A new community planned in San Antonio, Autumn Leaves of Westover Hills, will feature two themed courtyards. The active courtyard will include a putting green, walking path and musical playground. The relaxation courtyard will have resting spots, comfortable motion seating, a shaded area and a water feature.
Moyer notes that common dining areas in dementia care buildings are becoming larger to accommodate more helpers as residents age in place. “People want to put off going to a nursing home,” says Moyer. Showers and bathrooms are also growing in size so there’s space for aides and often a wheelchair or walker.
Owners and operators are also looking to improve building efficiency, which could reduce labor costs. When the neighborhood concept was first rolled out, universal workers were often employed to handle all the tasks for a household, including resident care, cooking and cleaning.
Operators have found this to be a clumsy model, however, according to Greg Irwin, partner at Irwin Partner Architects headquartered in Costa Mesa, Calif.
Qualified universal workers are difficult to find making it necessary to cross train employees to handle a variety of duties. Instead, owners and operators are reverting to the old model where, for instance, one cook handles all the kitchen work.
In another effort to improve efficiency, activity areas are being combined so one staffer can supervise a group of residents instead of having two activity areas that each require a staffer. “We’re taking a closer look at how many people one staffer can manage,” says Irwin.
Creating a social environment
Life skill stations where residents can engage in simple activities are growing in popularity. A station might feature locks and faucets for a resident to use and manipulate. Kitchen cabinets allow residents to stock shelves and enjoy an everyday activity.
Building designs include more space for socializing and enjoyment. Pi Architects designs dementia care buildings for Dallas-based developer Meridian Realty Advisors. Pi has two new projects in the Austin area managed by Silverado Senior Living: Silverado at Onion Creek and Silverado at Bee Cave.

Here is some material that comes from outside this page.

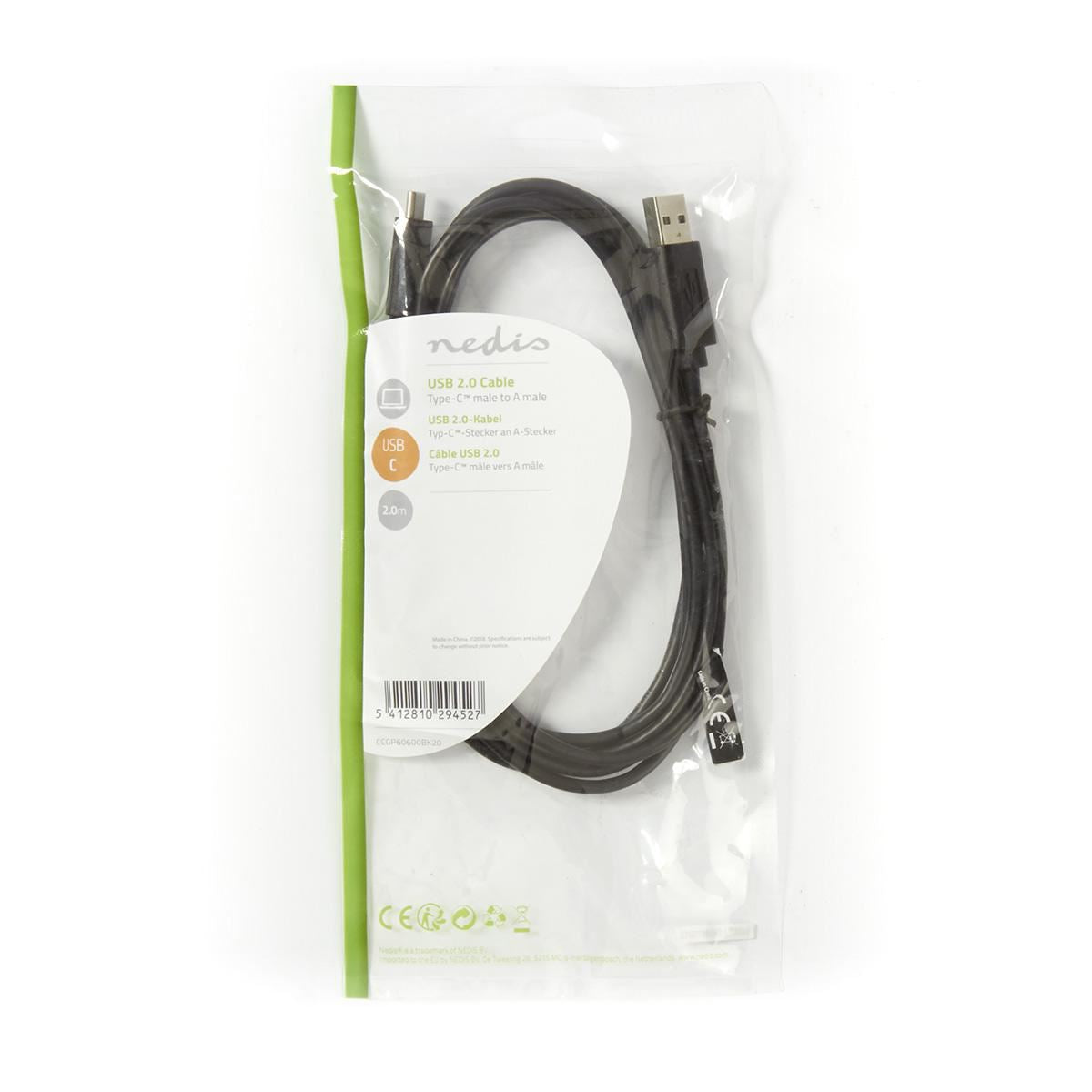 Nedis USB 2.0 Cable Type-C Male -A Male 2m Black CCGP60600BK20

The new buildings include three neighborhoods connected to the common areas to encourage freedom of movement. Each neighborhood and the community spaces open to a covered porch that joins several winding paths in the courtyard. Residents can garden in raised beds that are at wheel-chair height.
The common area includes a beauty salon, private dining room, art studio, country store and other activity rooms. Small spaces are available for sensory activities such as aroma therapy and working with clay.
Agitated residents can be taken to a sun room with plenty of windows so the resident can focus on the outside — a better alternative to putting a resident in an enclosed space, says Greg Hunteman, president of Pi Architects, Austin, Texas.
Common areas provide space for families, including a reception area and a bistro that serves snacks and coffee. An outdoor playscape is situated outside at the front of the building where children can enjoy themselves during a family visit. “We want to encourage families to stay,” says Hunteman.